Uno de los pilares del tejido empresarial español ha sido su capacidad exportadora. En 2024, las exportaciones crecieron un 2,7% interanual, alcanzando los 29.738 millones de euros en diciembre, el segundo mayor registro mensual histórico. Sin embargo, persisten riesgos: volatilidad global, tensiones proteccionistas y exceso de dependencia de ciertos mercados. Latinoamérica, el Magreb y Europa del Este ofrecen oportunidades, pero requieren estrategia e inversión. El reto es pasar de vender productos a ofrecer soluciones de alto valor añadido.

La digitalización ha avanzado notablemente: comercio electrónico, herramientas de gestión y presencia digital. Sin embargo, muchas pymes siguen rezagadas. El desafío ya no es solo digitalizarse, sino hacerlo con impacto: automatización, uso inteligente de datos, ciberseguridad e inteligencia artificial aplicada marcarán la diferencia.

La empresa española también se enfrenta a un dilema en el mercado laboral. Aunque el empleo ha resistido bien, existe un desajuste creciente entre la oferta de trabajo y la demanda de perfiles. Faltan técnicos, ingenieros, especialistas en digitalización y profesionales para sectores clave como la sanidad, la construcción o la hostelería.

Este déficit de mano de obra cualificada convive con una paradoja estructural del mercado laboral español: una de las tasas de desempleo más altas de Europa (11,7% en el primer trimestre de 2025, según la EPA), un desempleo juvenil crónicamente elevado (por encima del 27%) y un alto grado de sobrecualificación. Muchos jóvenes con formación superior ocupan puestos para los que están sobrepreparados, mientras que las empresas no encuentran perfiles técnicos intermedios. Esta desconexión entre el sistema educativo, la formación profesional y las necesidades del tejido productivo constituye uno de los mayores cuellos de botella para el crecimiento empresarial.

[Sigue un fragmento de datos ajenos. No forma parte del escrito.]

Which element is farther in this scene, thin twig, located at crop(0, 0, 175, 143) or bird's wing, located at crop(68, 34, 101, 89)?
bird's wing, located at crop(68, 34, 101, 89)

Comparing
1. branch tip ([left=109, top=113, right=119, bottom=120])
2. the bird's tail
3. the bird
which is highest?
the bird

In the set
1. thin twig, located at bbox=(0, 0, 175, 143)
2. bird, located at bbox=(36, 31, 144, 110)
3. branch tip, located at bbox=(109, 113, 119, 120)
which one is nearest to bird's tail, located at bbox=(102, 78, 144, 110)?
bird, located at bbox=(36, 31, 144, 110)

Además, muchas empresas afrontan el relevo generacional sin una estrategia clara. La sucesión en pymes familiares, la atracción de jóvenes y la fidelización del talento son desafíos tan urgentes como los tecnológicos.

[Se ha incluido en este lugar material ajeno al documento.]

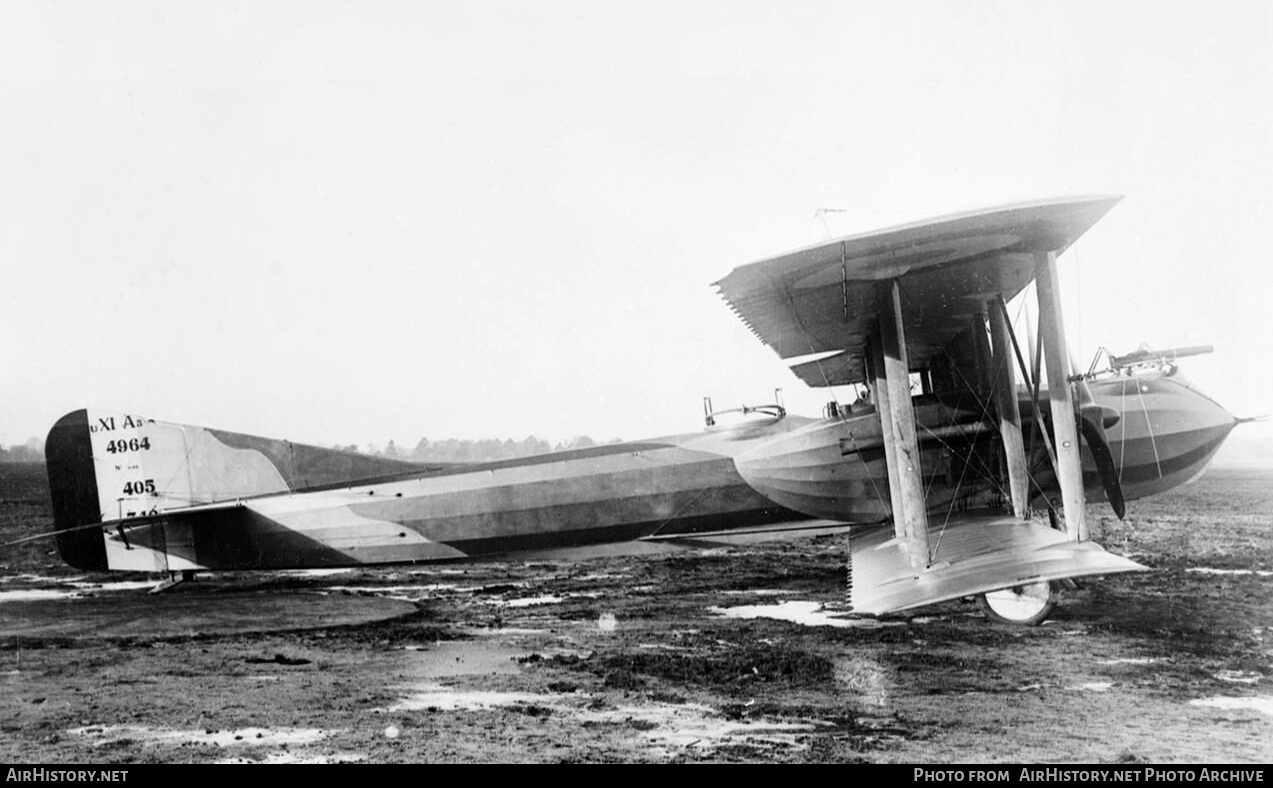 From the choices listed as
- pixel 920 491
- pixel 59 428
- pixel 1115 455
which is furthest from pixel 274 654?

A la vez, están emergiendo nuevas formas de trabajar: modelos híbridos, mayor flexibilidad, exigencia de propósito y conciliación. Las empresas que sepan adaptarse a estas nuevas expectativas tendrán una ventaja competitiva decisiva.

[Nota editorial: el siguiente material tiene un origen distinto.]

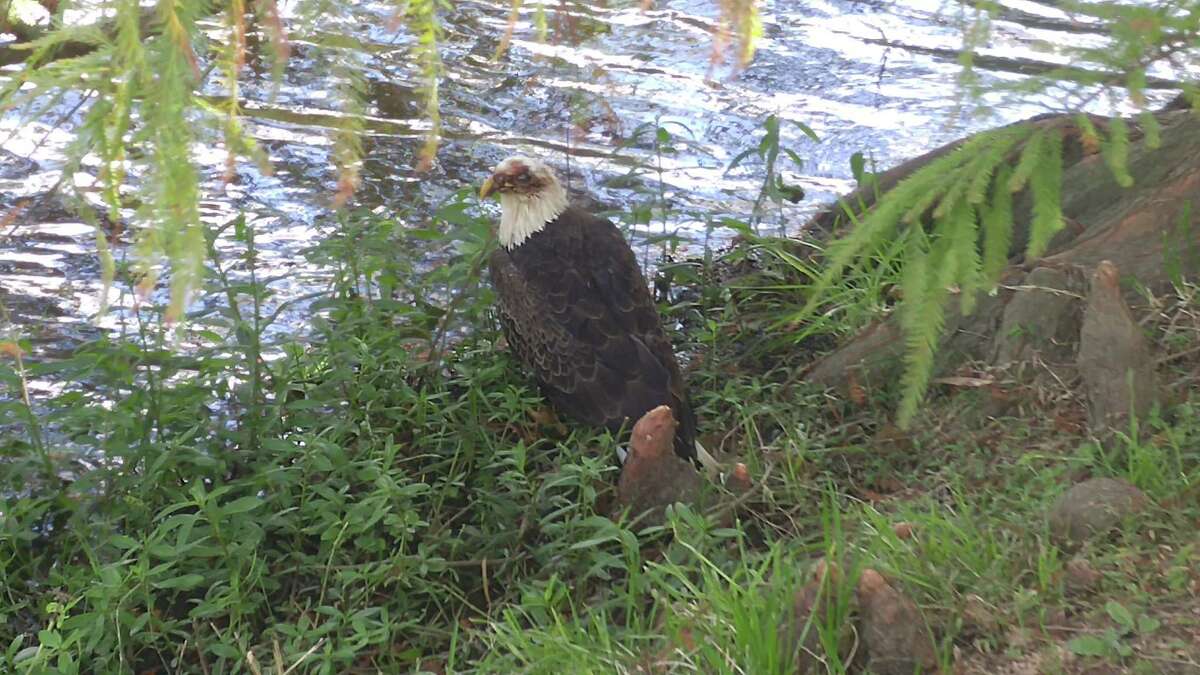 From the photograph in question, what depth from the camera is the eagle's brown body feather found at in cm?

Uno de los grandes desafíos estructurales de la empresa española es la baja productividad.

Durante años, el crecimiento económico ha descansado en aumentos de empleo más que en mejoras de eficiencia, lo que ha generado un modelo vulnerable ante shocks externos. En este contexto, la propuesta de una reducción significativa de la jornada laboral —sin una contrapartida clara en productividad— genera preocupación en el tejido empresarial, especialmente en las pymes.

Reducir horas sin mejorar procesos ni incorporar tecnología puede traducirse en un encarecimiento de los costes laborales sin beneficios tangibles en competitividad. En sectores intensivos en mano de obra o con márgenes estrechos, el impacto puede ser crítico. La modernización productiva debería ir de la mano de cambios normativos: incentivar la inversión en automatización, digitalización y formación continua como condición para afrontar este nuevo marco laboral sin sacrificar la competitividad.

Frente a estos desafíos, la respuesta no puede ser conservadora. La empresa española necesita ganar tamaño, profesionalizar su gestión, colaborar más con otras compañías y apostar por la innovación. Pero también necesita apoyo. Las políticas públicas deben estar alineadas con esta visión estratégica: ayudas no solo a la supervivencia, sino al crecimiento, la internacionalización y la sostenibilidad.

Hay margen para el optimismo. España cuenta con sectores punteros, una posición geoestratégica envidiable, acceso a financiación europea y una generación de jóvenes emprendedores y formados. Pero no basta con resistir: toca atreverse.